> [Problem description]: Drop the pictures and repeat exactly from the "Скачать Синистер. Пожиратель душ" line down to the last line of the entries below.

> [Records provided]:
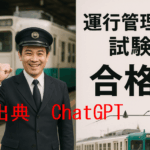 本とAIで勉強する！運行管理者（旅客）試験用試験問題集+ChatGPTsが問題を作ってくれる！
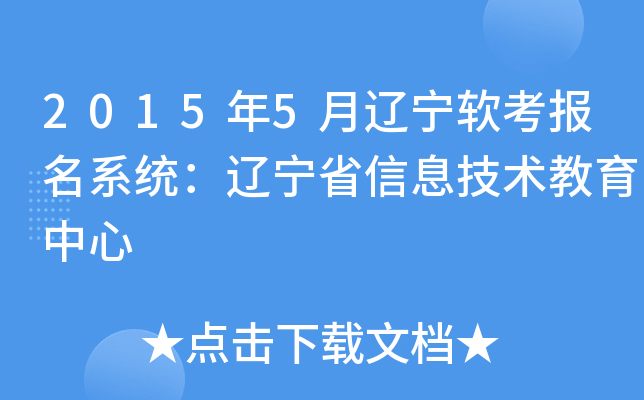 2015年5月辽宁软考报名系统：辽宁省信息技术教育中心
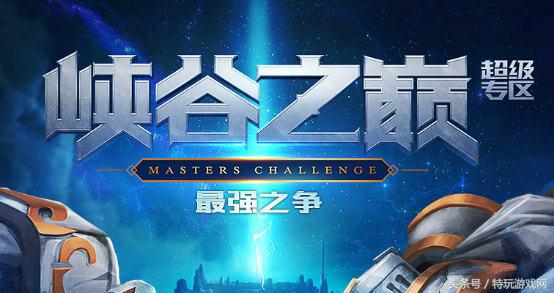 LOL峽谷之巔發了40W點券？段位高真的可以為所欲為！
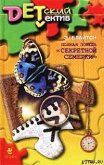 Полная победа «Секретной семерки» (Тайна старой пещеры) - Блайтон Энид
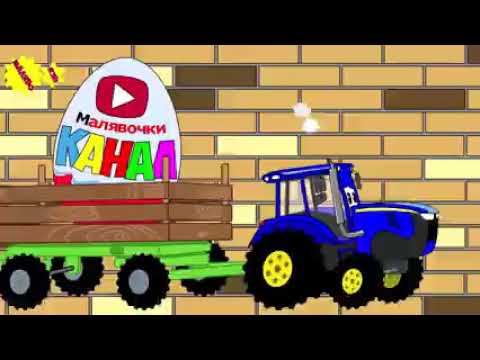 Трактор возит яйца мультфильм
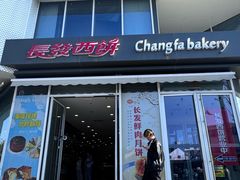 -长发西饼(临顿路店)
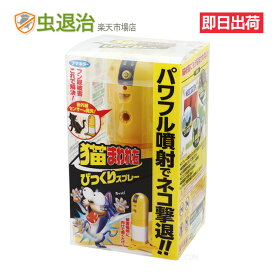 猫まわれ右 びっくりスプレーセット 1台フマキラー 猫 よけ センサー 野良猫 忌避 猫回れ右 ネコ ねこ 撃退 ゴミ箱 花壇 庭 糞尿・侵入被害に イタチ テン アナグマ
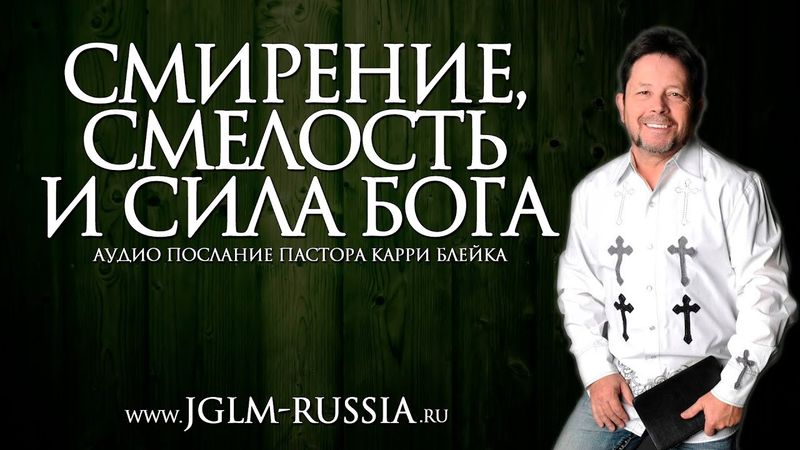 СМИРЕНИЕ, СМЕЛОСТЬ и СИЛА БОГА | КАРРИ БЛЕЙК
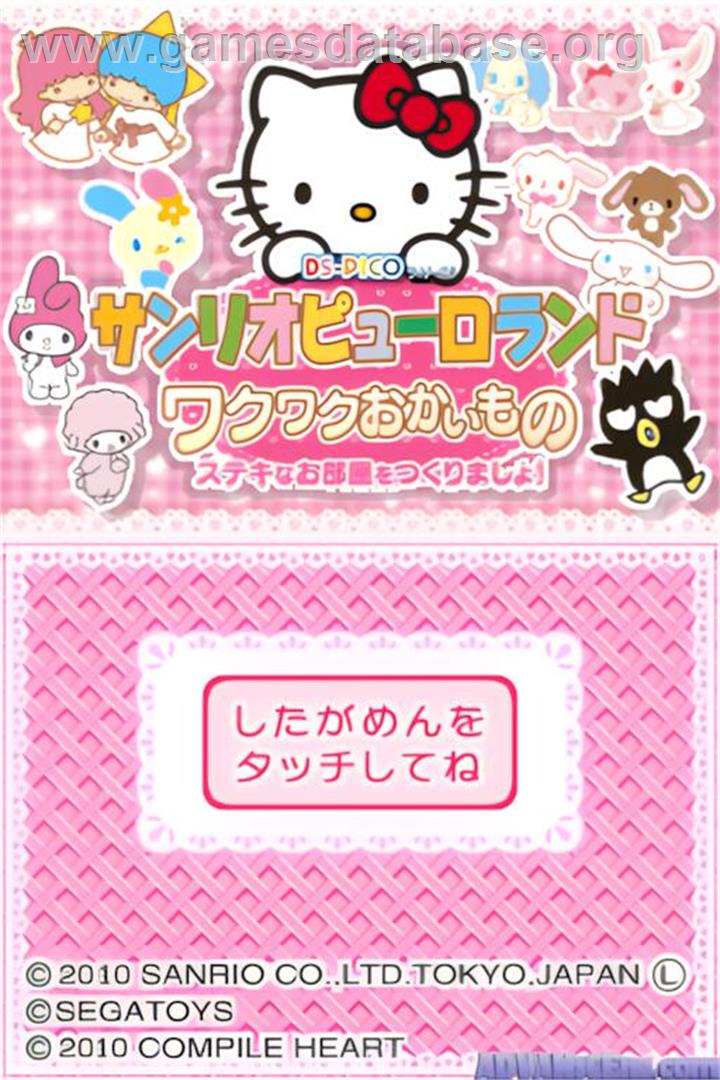 Ds-pico Series - Sanrio Puroland - Waku Waku Okaimono - Suteki Na Oheya O Tsukuri Masho - Nintendo DS - Artwork - In Game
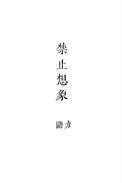 禁止想象勖力百度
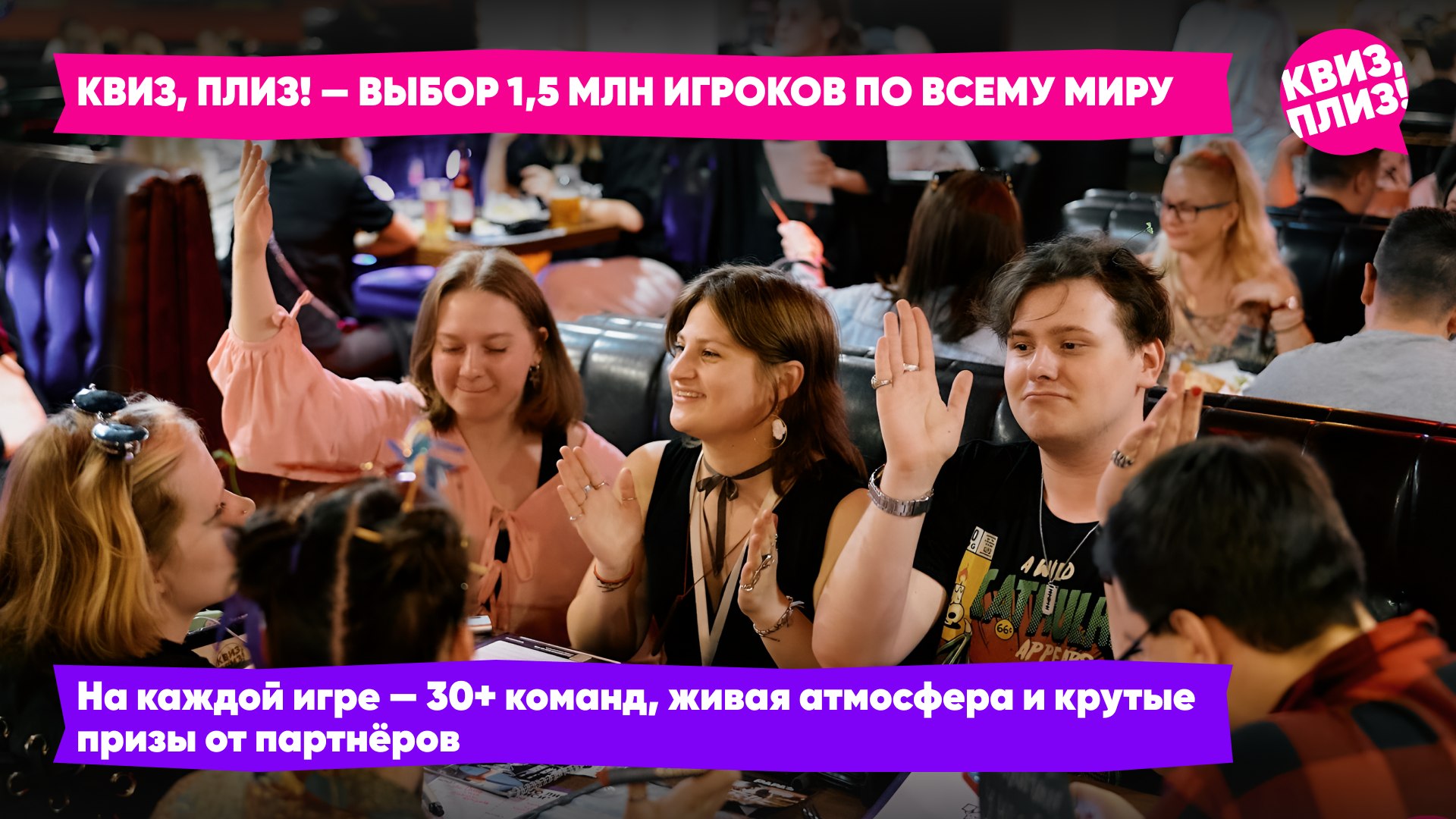 https://moscow.quizplease.ru
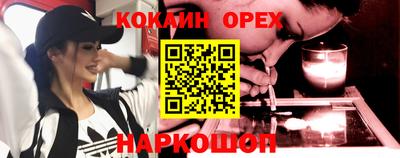 твердый Ирбит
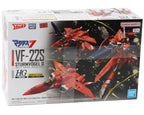 Bandai 2590650 1/48 Kyoukai Senki Mailes Kenbu Full Mechanics - Hobby City NZ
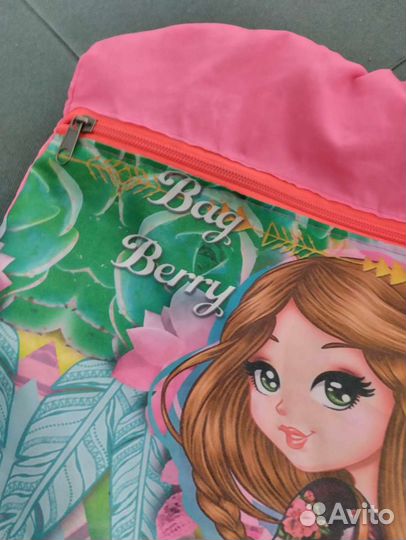 Bag Berry. Рюкзак ортопедический и мешок для смен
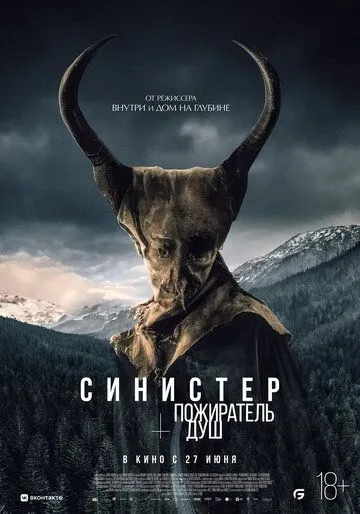 Скачать Синистер. Пожиратель душ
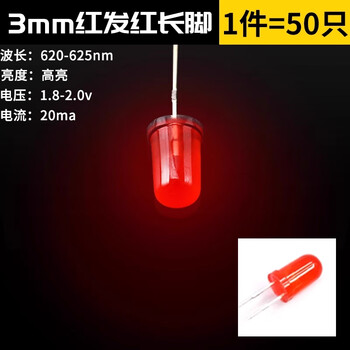 Zave led lamp bead light-emitting diode 3mm red hair red long legs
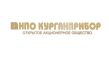 НПО Курганприбор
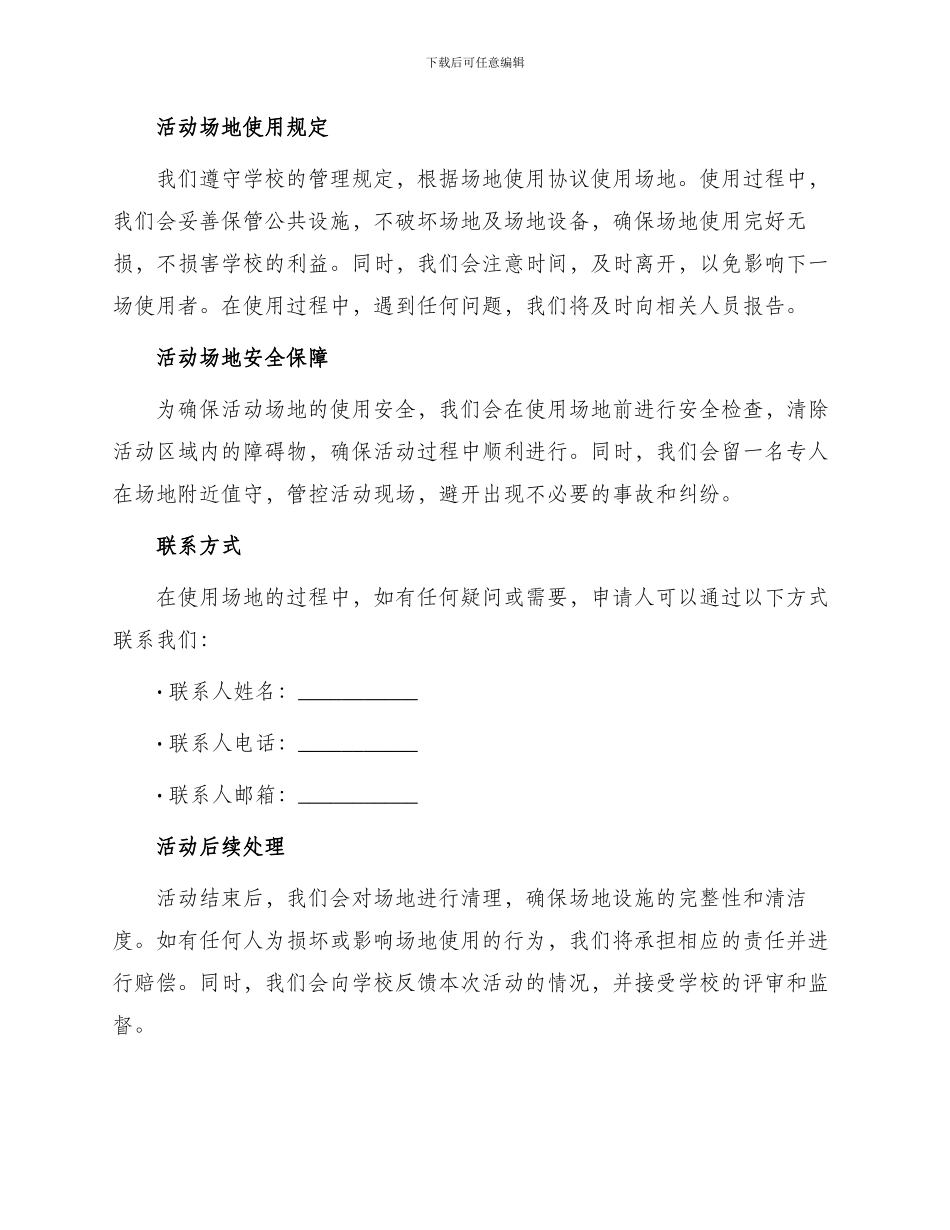 学校活动场地申请书_第2页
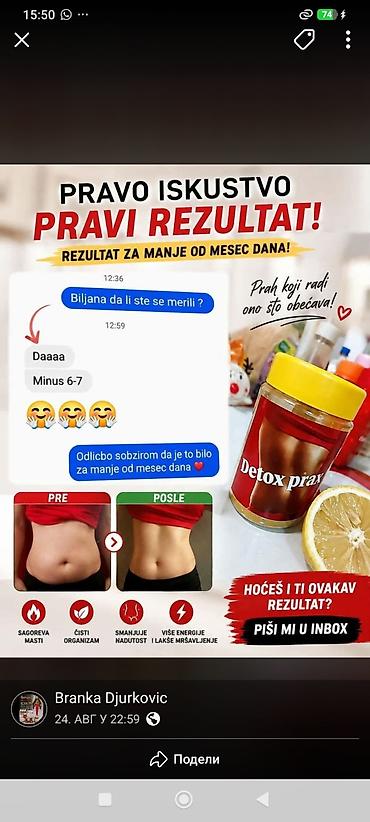 refine kapi sastav: Detox Line – prirodna detoks linija za lakše varenje, više energije i — 7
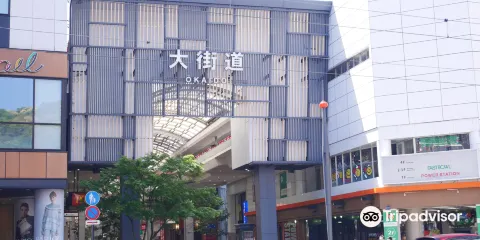 大街道商店街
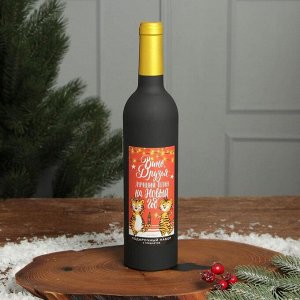 Подарочный набор для вина "Вино друзья", 32,5 х 7 см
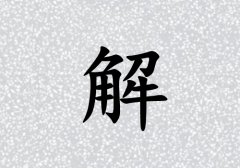 սк_սк100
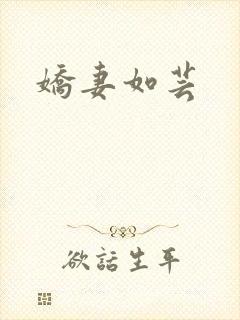 娇妻如芸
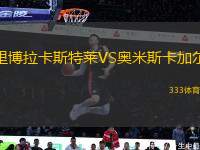 里博拉卡斯特萊VS奧米斯卡加爾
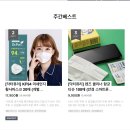 케이엠물류 이미지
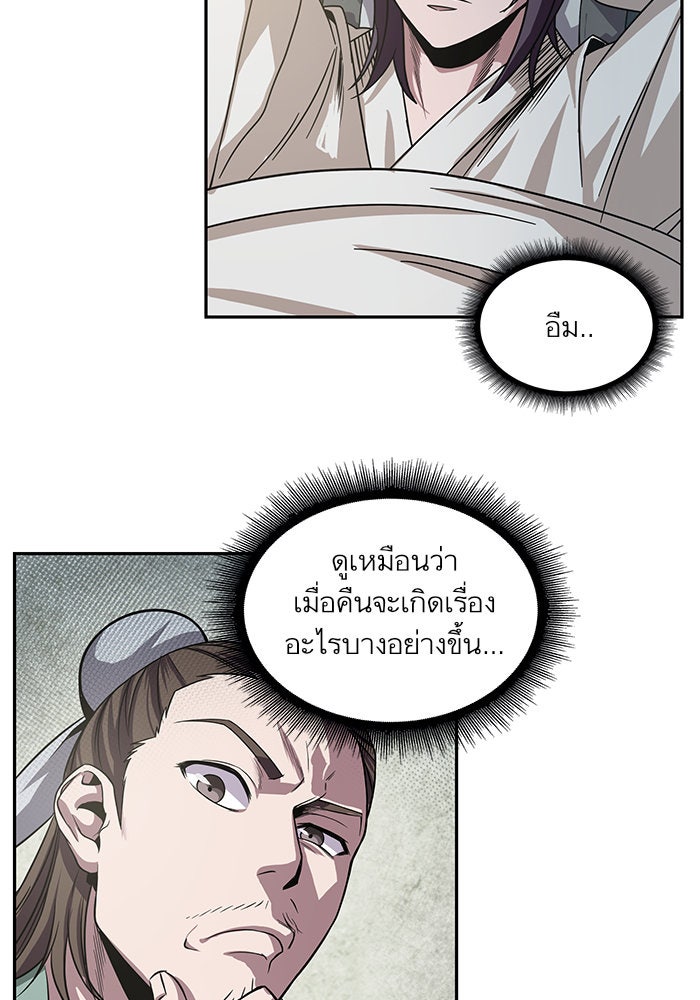 นาโนมาชิน - หน้า 8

> [Task solution]:
 Скачать Синистер. Пожиратель душ
 Zave led lamp bead light-emitting diode 3mm red hair red long legs
 НПО Курганприбор
 学校活动场地申请书_第2页
 refine kapi sastav: Detox Line – prirodna detoks linija za lakše varenje, više energije i — 7
 大街道商店街
 Подарочный набор для вина "Вино друзья", 32,5 х 7 см
 սк_սк100
 娇妻如芸
 里博拉卡斯特萊VS奧米斯卡加爾
 케이엠물류 이미지
 นาโนมาชิน - หน้า 8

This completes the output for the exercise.